However, with the rise of countless remote communication platforms, apps, and gadgets, internal communications can often become convoluted, glitchy, and frustrating.

Thankfully, this is another area in which AI is revolutionizing the industry, and business communication software can be enhanced through AI algorithms. This software can, for example, transcribe phone calls and video conferences, allowing you to keep a record of important internal communications like meetings and reviews.

AI-assisted internal communications can thus make your team more efficient and help your business move forward in the right direction.

Software development

As an online company, ensuring the software you use is working efficiently and smoothly is crucial. After all, the success of your websites, ordering systems, communications, and just about every other aspect of your business relies on having appropriate and dependable software.

Unfortunately, designing and maintaining these websites and systems can be a tedious and time-consuming job.
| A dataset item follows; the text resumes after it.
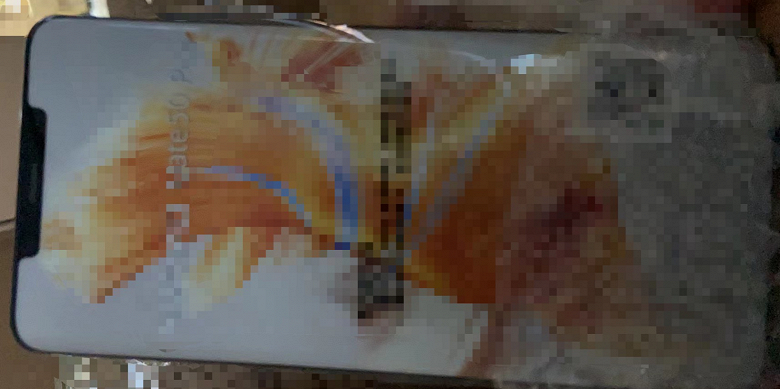 Чёлка, изогнутый экран и спутниковая связь. Первое живое фото Huawei Mate 50 Pro Чёлка, изогнутый экран и спутниковая связь. Первое живое фото Huawei Mate 50 Pro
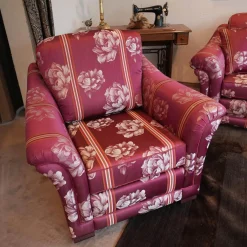 Modell Lara Sofa 2,5 sitzig, Sessel, Beistellsessel Modell Broadway Bezug grauviolett florence 1026 115 Keder Dinamica 112 Massivholfüße lackiert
Encouragingly, though, the prevalence of AI software development kits (SDKs) is likely to increase dramatically over the coming years. These automated tools will allow developers to focus on more complex tasks while they take on routine bug fixes and mundane coding reviews.

It’s even possible to get AI to design your whole website, a task that usually requires a lot of time, effort, and planning to achieve. For example, Wix ADI uses AI to create unique websites in a matter of minutes, which often seem to outperform websites made by humans.

AI could even influence the domains companies use for their websites. As the prevalence of artificial intelligence spreads throughout the eCommerce industry, more companies are starting to use AI domains. 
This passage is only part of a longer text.